Ele deu outro trago profundo, soltou a fumaça e suspirou:
– Vou lhe contar a minha história. Mas te peço Cidão, por favor, não comente isto com ninguém.
– Tudo bem, prometo. – disse fazendo o sinal da cruz e beijando o crucifixo de ouro que carrega no cordão. André sabia que quando Cidão fazia este gesto poderia confiar plenamente na sua palavra.
Começou a contar desde o primeiro dia que foi ao Calígula, lembrou de como seus amigos lhe importunaram para que ele fosse também. Contou todos os detalhes de sua primeira transa. Cidão ouvia atentamente. André não esquecia nada, contava tudo que aconteceu, parecia que ele estava lavando a alma. Falou de seus amigos: Zequinha, Carlos e Bolão. Falou que quando chegara em casa teve que mentir para sua mãe. Confessou-lhe remorso. Narrava todos os fatos. Cidão prestava atenção em tudo, mostrando profundo interesse. Lembrou que o único que não se aproveitou das prostitutas foi o Bolão e por esse motivo marcaram de voltar ao Calígula no sábado seguinte.
André parou de repente a narrativa. Tomou fôlego. Pediu outra cerveja. Ouviu um passarinho cantar bem acima de sua cabeça. Cidão ansiava pelo reinicio com sofreguidão.
–...Então, foi naquele sábado fatídico que tudo aconteceu. Foi neste dia que minha vida mudou para sempre. Quinze de fevereiro de 1992, uma data como a de hoje, esta foi uma das razões que escolhi para viajar hoje... Tudo começou quando... – contou toda a história daquele sábado negro para Cidão que ouvia atenciosamente; de olhos arregalados ouvia o companheiro contar sobre a confusão com a falsa prostituta, sobre a briga com Capitão... André parou novamente, desta vez não para beber, fumar ou tomar fôlego e sim para chorar. Estava aí o motivo que ele não queria contar, entendeu Cidão. Os olhos de André encheram-se de lágrimas que escorriam pelo seu rosto, o nariz pingava úmido, ele soluçava sentindo sua garganta seca e o coração apertado. Cidão tentou sossegá-lo oferecendo o seu ombro amigo, dando tapinhas em sua costa. Conhecia André há seis anos e nunca o viu chorando, com raiva, remorsos ou qualquer outra emoção que demonstrasse insegurança e agressividade. Quase sempre sério, às vezes sorrindo, mas nunca chorando. Cidão entendeu toda a dor de André, mas ainda persistia a dúvida do porquê do regresso.

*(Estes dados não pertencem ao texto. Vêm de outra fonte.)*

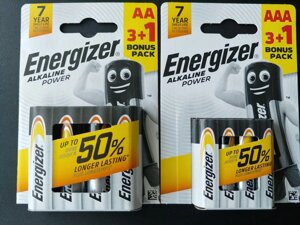 ОПТ Energizer Alkaline Power LR6\LR03 1.5V блістер 3 + 1 промо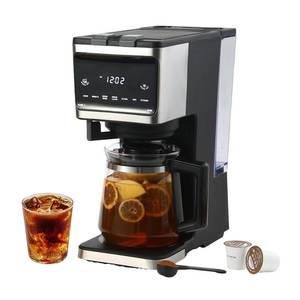 lot 1093 image: Sykaffe 3 in 1 Single Serve Coffee Machine,12-Cup Programmable Coffee Machine,Compatible with Kcup Pods,Ground Coffee,Coffee Pods, Iced Tea, Iced Coffee Function,Black - Retail $83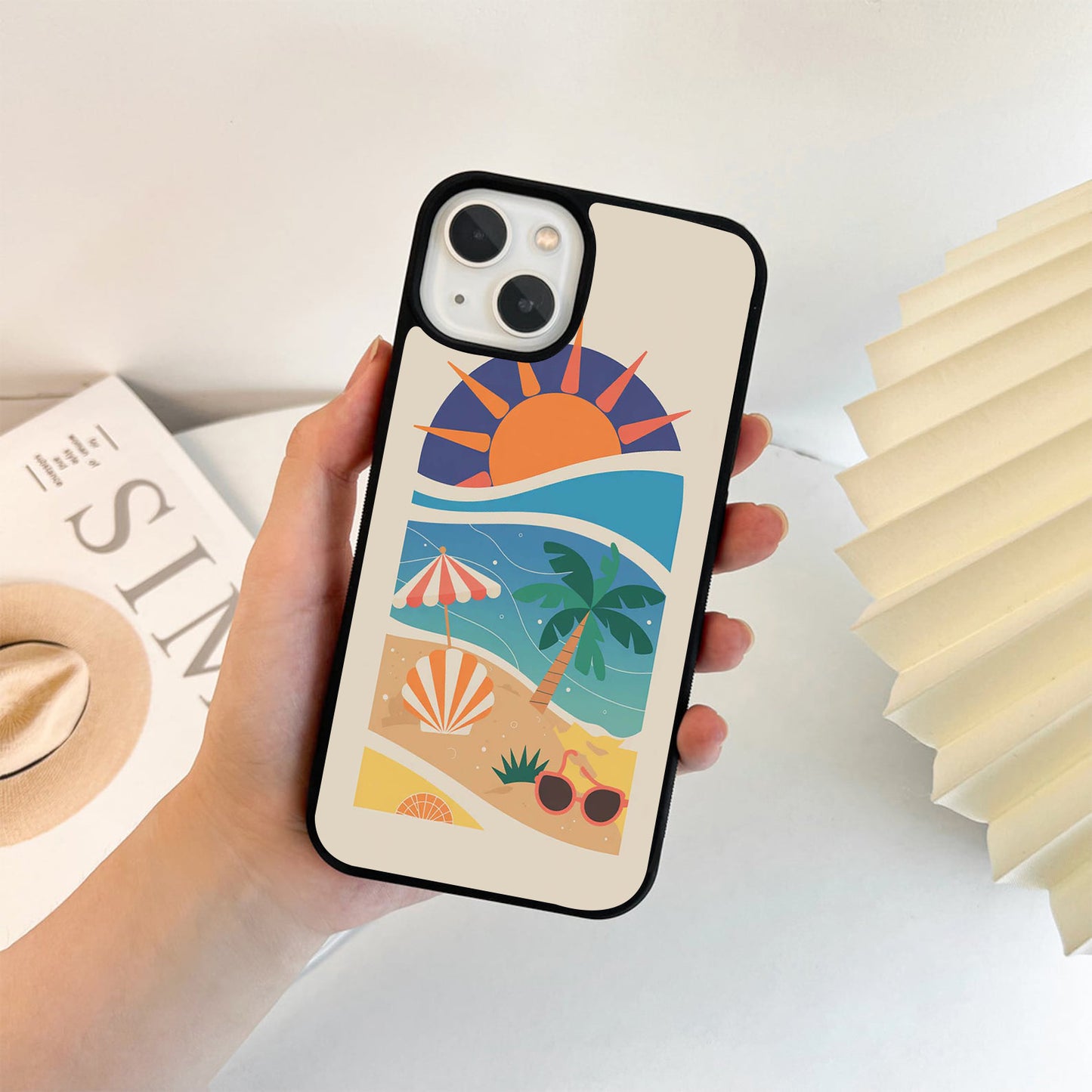 Retro Summer Escape Glass Case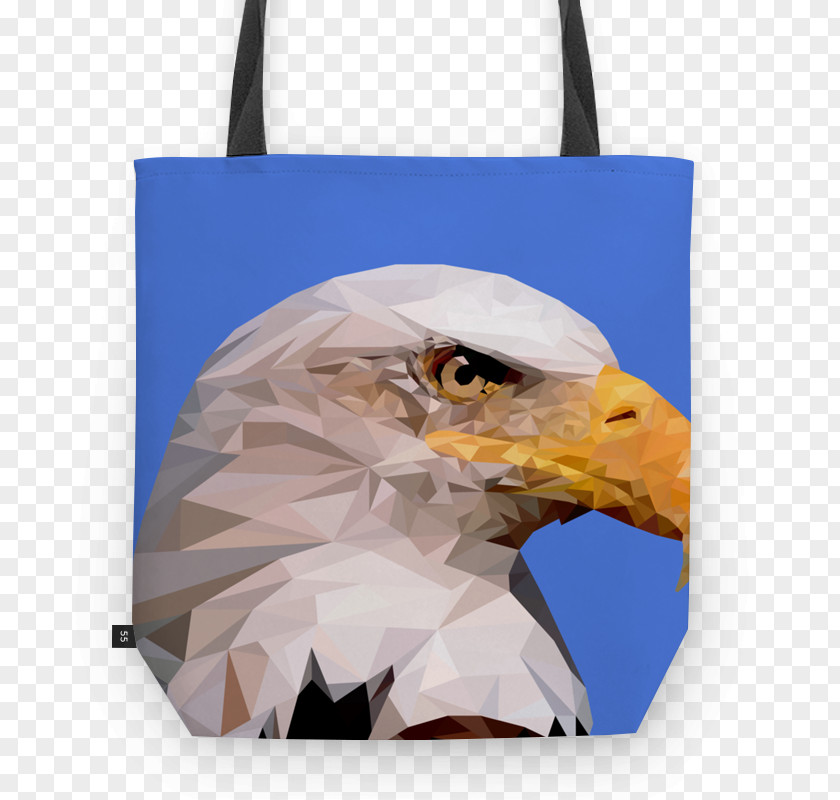 TOTEBAG Low Poly Art Drawing Eagle PNG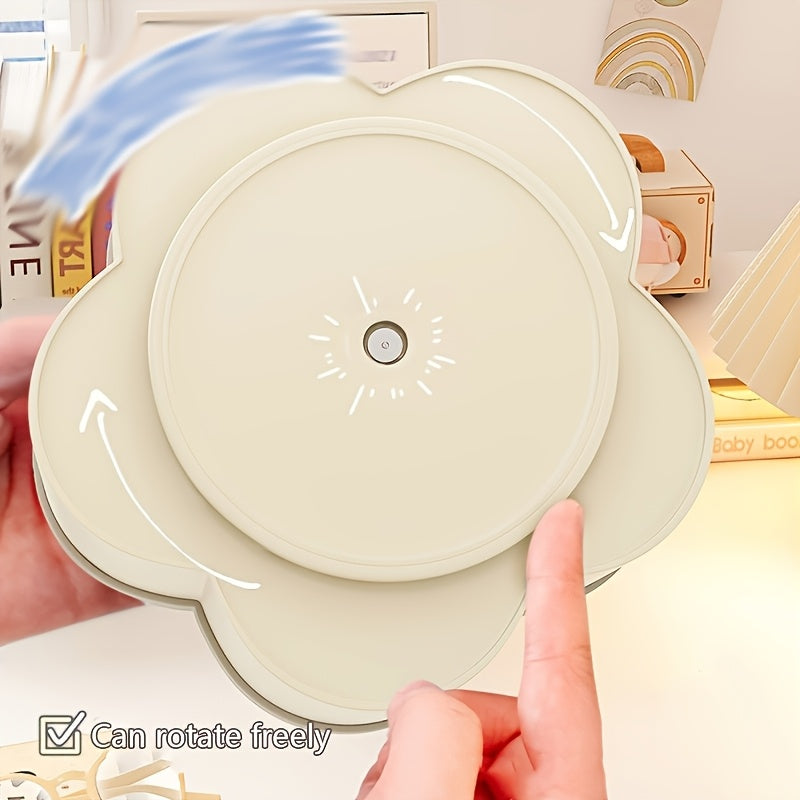 Cartoon Rotating Pen Holder for Office Supplies Makeup Brushes and Stationery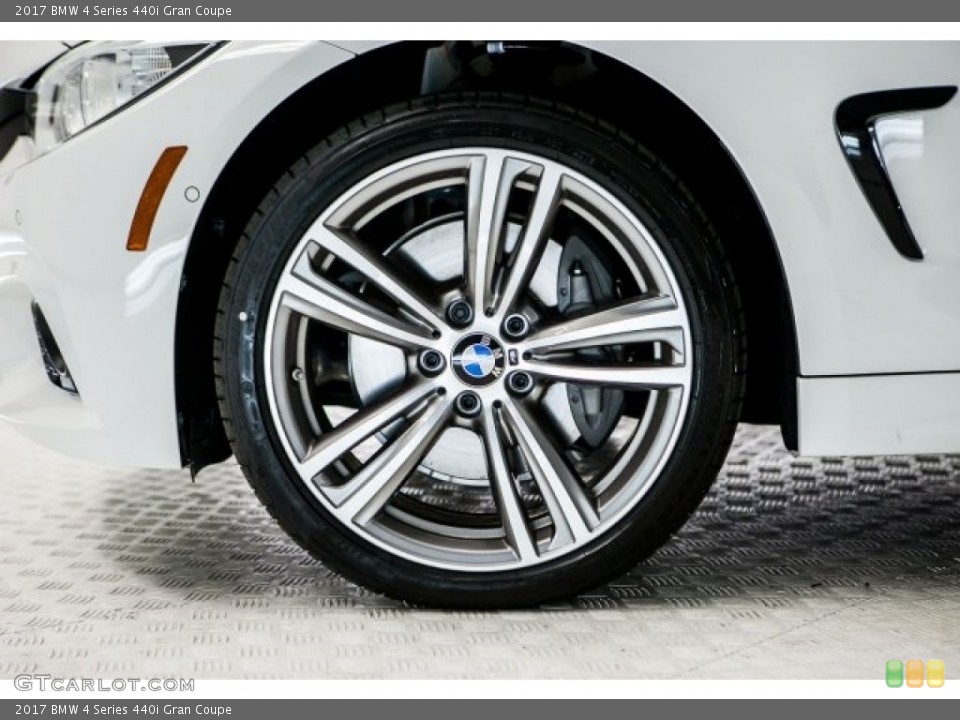 2017 BMW 4 Series 440i Gran Coupe Wheel and Tire Photo #118610756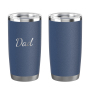 YEDI Customizable Logo Tumbler Wedding Anniversary Mother's Day Gift for Women Powder Coated Coffee Wine Laser Engraved Design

– Tenho tido dias difíceis aqui em Cedral, posso lhe confessar. Não pela necessidade que passei, mas pela saudade. Pelo receio de que quando voltar não saber como irão me receber, principalmente as famílias de Bolão e Carlos, afinal de contas eu também fui um dos responsáveis...
– Não se culpe assim, André. Você sabe que não teve culpa... Eu só não entendo por que você quer voltar, já que não vai ficar com sua família e vai ficar no máximo três meses.
André tirou todo o ar de tristeza do semblante e ficou sério por alguns instantes. Sentiu o sangue ferver. Este é um segredo que ele não poderia revelar de nenhuma forma para quem quer que fosse.